*What to work on*.
The records that follow must be repeated exactly, minus the images.

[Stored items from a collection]
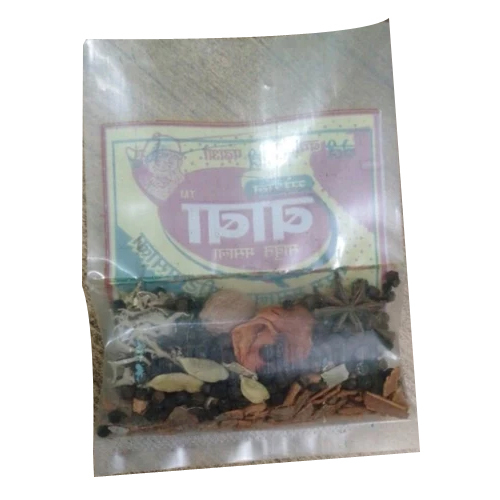 25g Baba Sabut Garam Masala
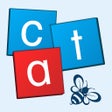 程序图标：Letter Tiles for Learning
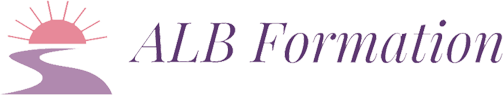 ALB Formation Logo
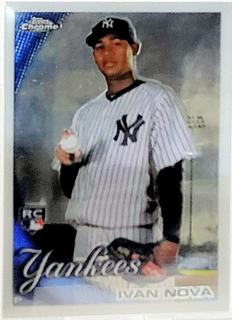 Ivan Nova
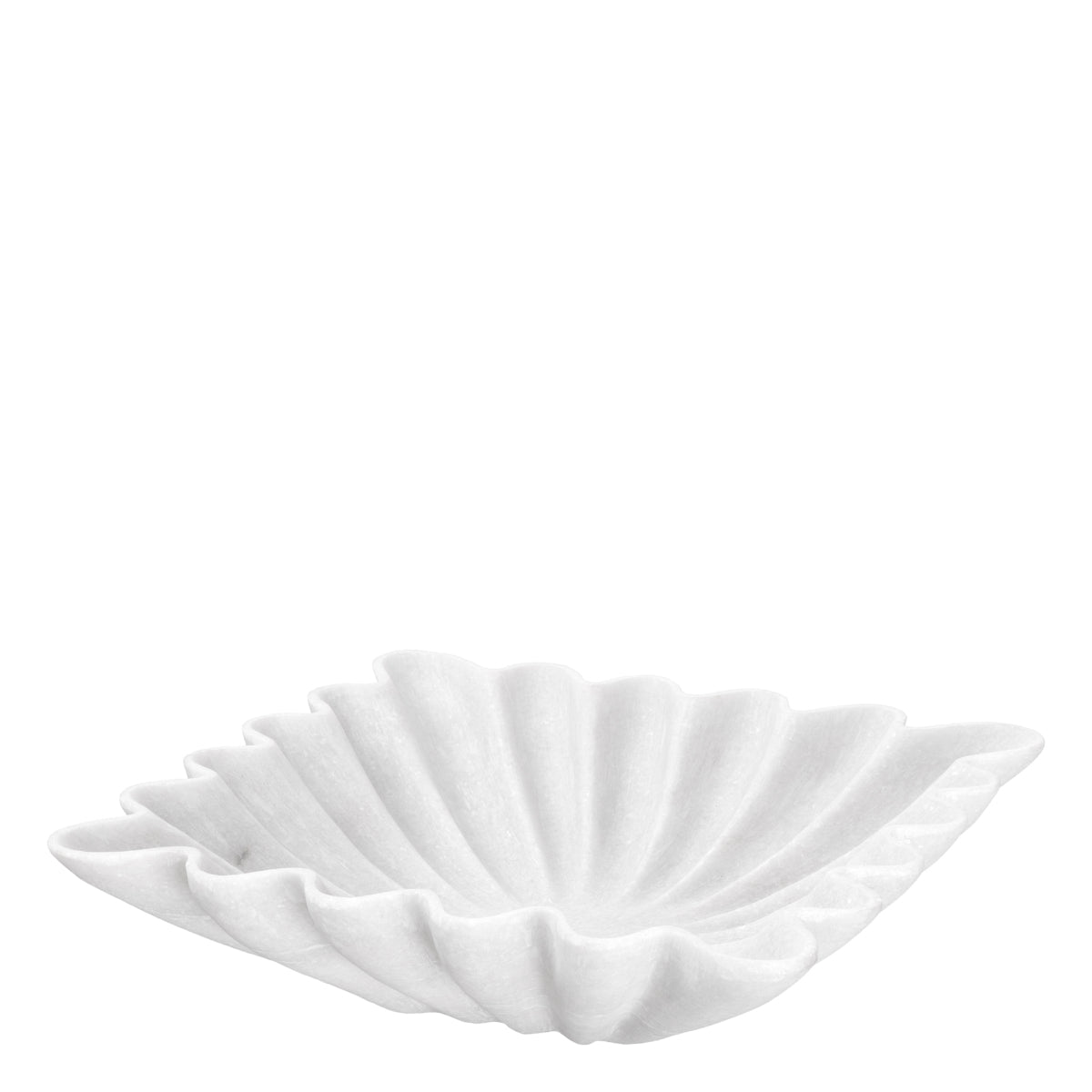 DECORATIVE ITEMS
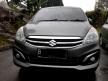 Catatan Mobil123, Suzuki Ertiga Setelah 3 Tahun, Berapa Biaya Perawatannya?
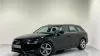 Audi A4 Avant 2.0 TDI 190CV QUATTRO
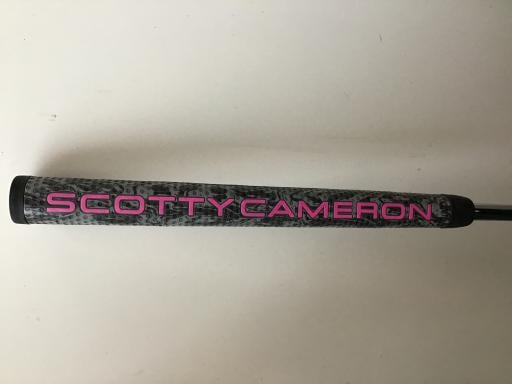 rbnssx@b`ldqnm@@mdvonqs@QiQOPSj@RRC`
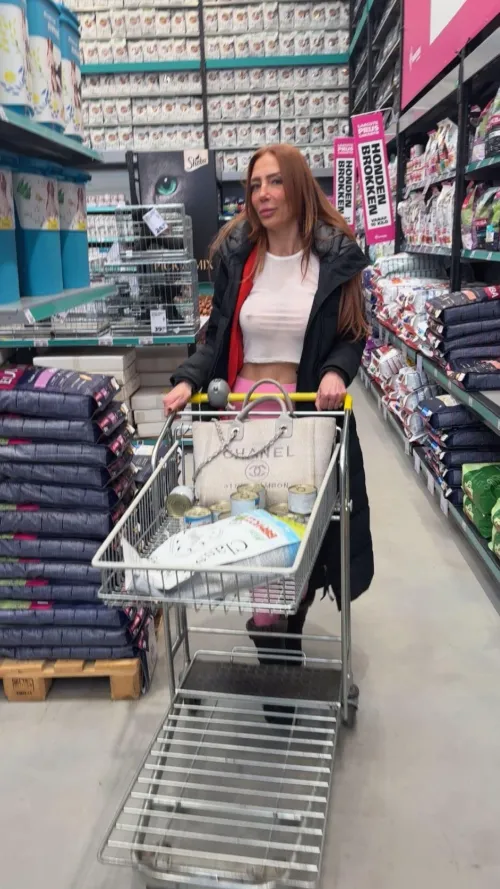 Best outfit for winter by relybely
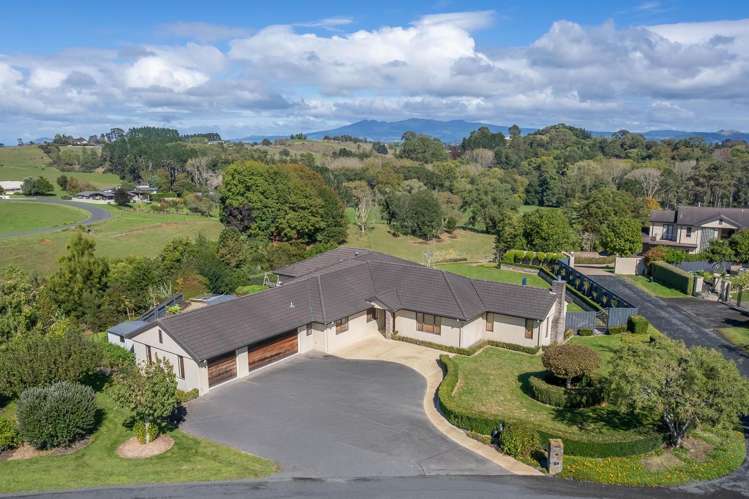 22 Stonebridge Estate Road Temple View_43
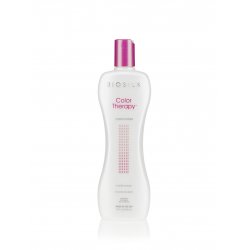 Biosilk Color Therapy Conditioner 355ml
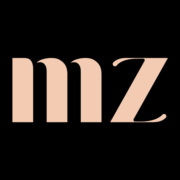 malizakladi.hr icon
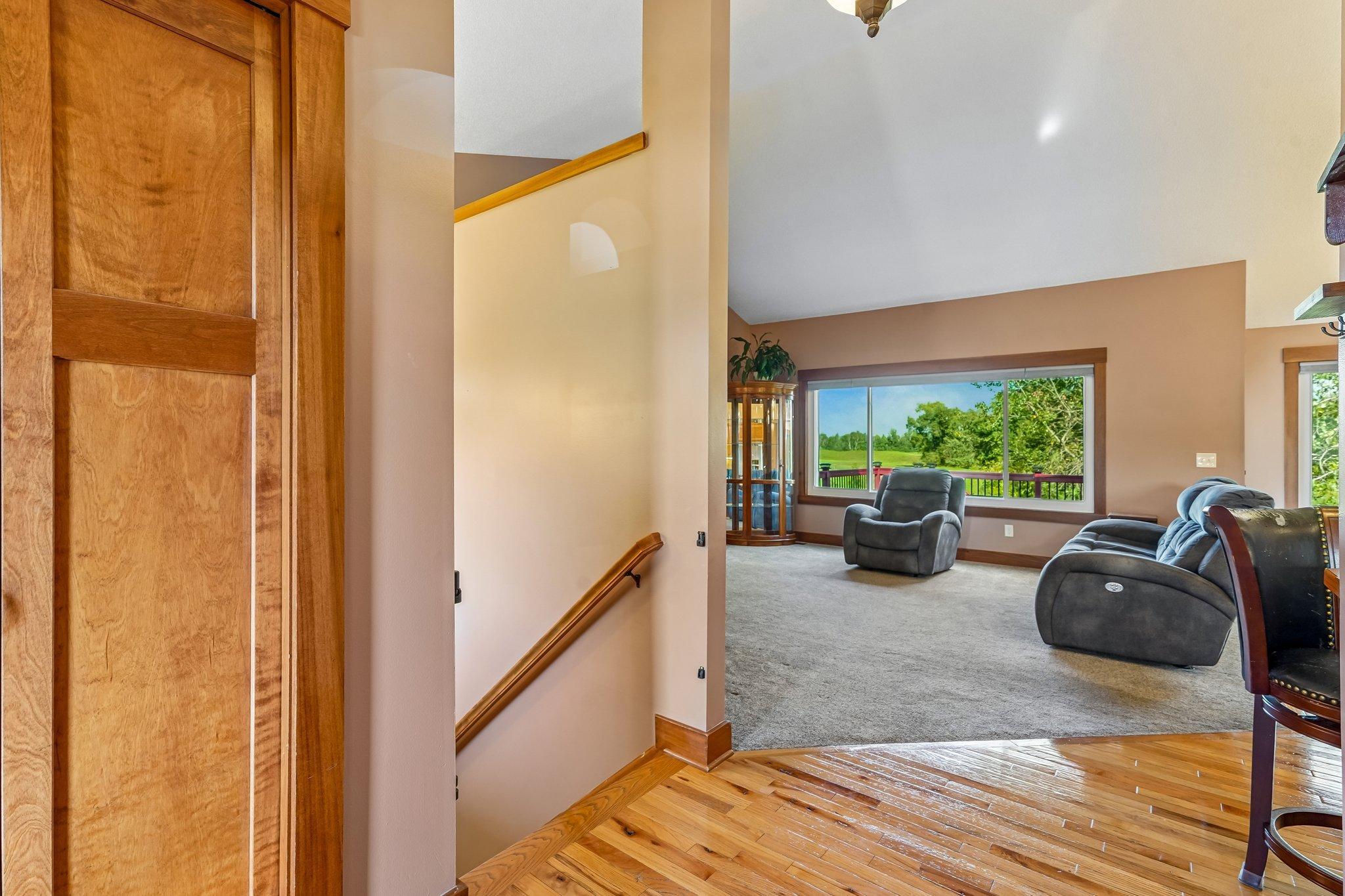 View of Residential at 22865 Zion Parkway, Oak Grove MN 55005, Oak Grove (7 of 61) - Mike Wilen | Minnesota Team Real Estate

*Task answer*.
 25g Baba Sabut Garam Masala
 程序图标：Letter Tiles for Learning
 ALB Formation Logo
 Ivan Nova
 DECORATIVE ITEMS
 Catatan Mobil123, Suzuki Ertiga Setelah 3 Tahun, Berapa Biaya Perawatannya?
 Audi A4 Avant 2.0 TDI 190CV QUATTRO
 rbnssx@b`ldqnm@@mdvonqs@QiQOPSj@RRC`
 Best outfit for winter by relybely
 22 Stonebridge Estate Road Temple View_43
 Biosilk Color Therapy Conditioner 355ml
 malizakladi.hr icon
 View of Residential at 22865 Zion Parkway, Oak Grove MN 55005, Oak Grove (7 of 61) - Mike Wilen | Minnesota Team Real Estate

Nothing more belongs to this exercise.